For a simple table with 4 bigint columns, 2 of which form the primary key:
CREATE TABLE test(
a bigint,
b bigint,
c bigint,
d bigint,
PRIMARY KEY((a), b)
Tried to measure the on-disk space usage using a replication factor 1
setup (created using yb-ctl). This was tried using 2.1.6 version on Linux.
./bin/yb-ctl destroy
./bin/yb-ctl start
Then loaded the above table with 1 million rows (1000 distinct values for column “a”, each with 1000 distinct values for “b” and random values for c and d).
Then looked at space utilized:
% du -sh ./yb-data/tserver
410M ./yb-data/tserver
This seems to suggest that each row takes about 410 bytes. Note that the system does not have any other tables.
This seems on the high side. Is this a correct way of measuring the space utilized?

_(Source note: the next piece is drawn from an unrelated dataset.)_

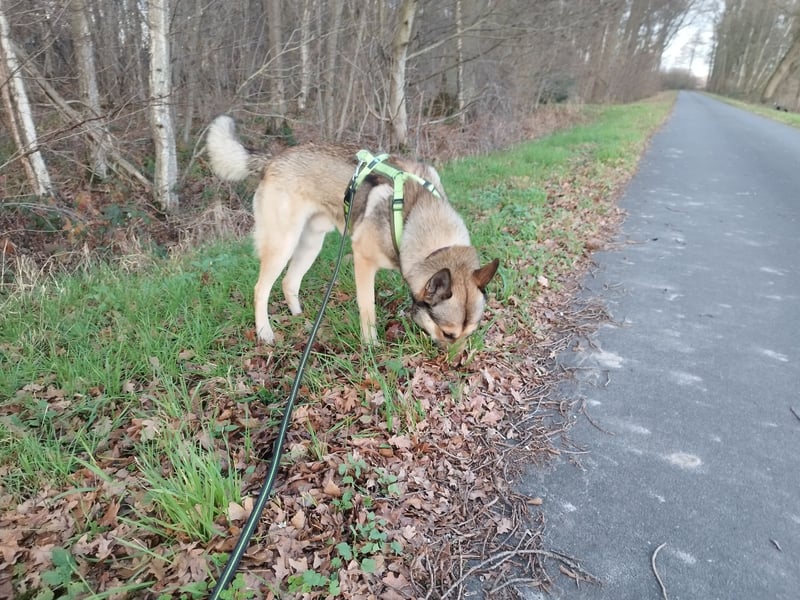 Bailey - ein liebenswürdiger Wildfang sucht sein neues Zuhause
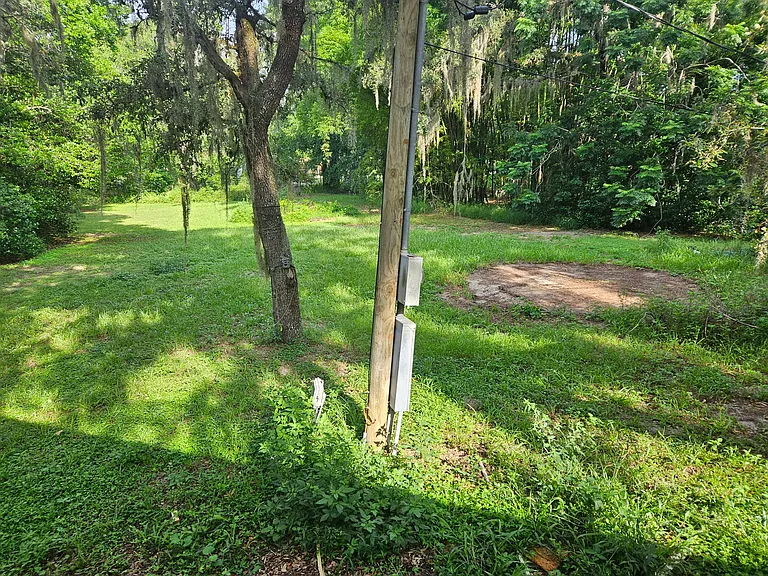 Beginning of backyard, lots of space, approx. 1 acre.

The -fs_data_dirs directory(ies) contains both the transaction logs (WAL) and SSTable files.
Quite likely much of the data is still in WAL and memtables and not yet flushed to SSTable format on disk. And the WAL files are not in compressed format. To get a better indication, we can either load a lot more data (such that the WAL portion is insignificant) or force a manual flush of the table, and then inspect the size of just the data directories.

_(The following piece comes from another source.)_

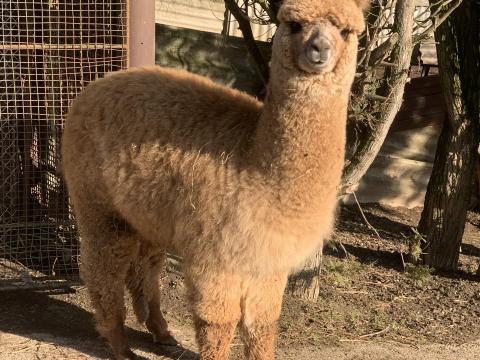 Sétáltatható alpaka csikó elvihető Sétáltatható alpaka csikó elvihető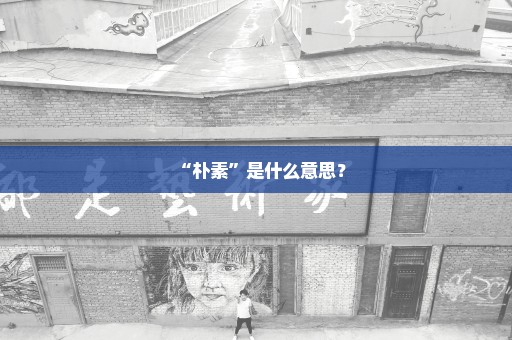 “朴素”是什么意思？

Tried a similar table with 1,000,000 (1M) rows.
After inserting the rows data, but before forcing a flush:
$ du -hs yb-data/tserver/data |
60K yb-data/tserver/data
This confirms that most of the data is still in WAL and memtables.
$ du -hs yb-data/tserver/data
48M yb-data/tserver/data
So approximate on disk size per row for the given schema is about 48 bytes. This includes the overheads for the metadata (indexes, bloom filters, internal timestamps, etc.).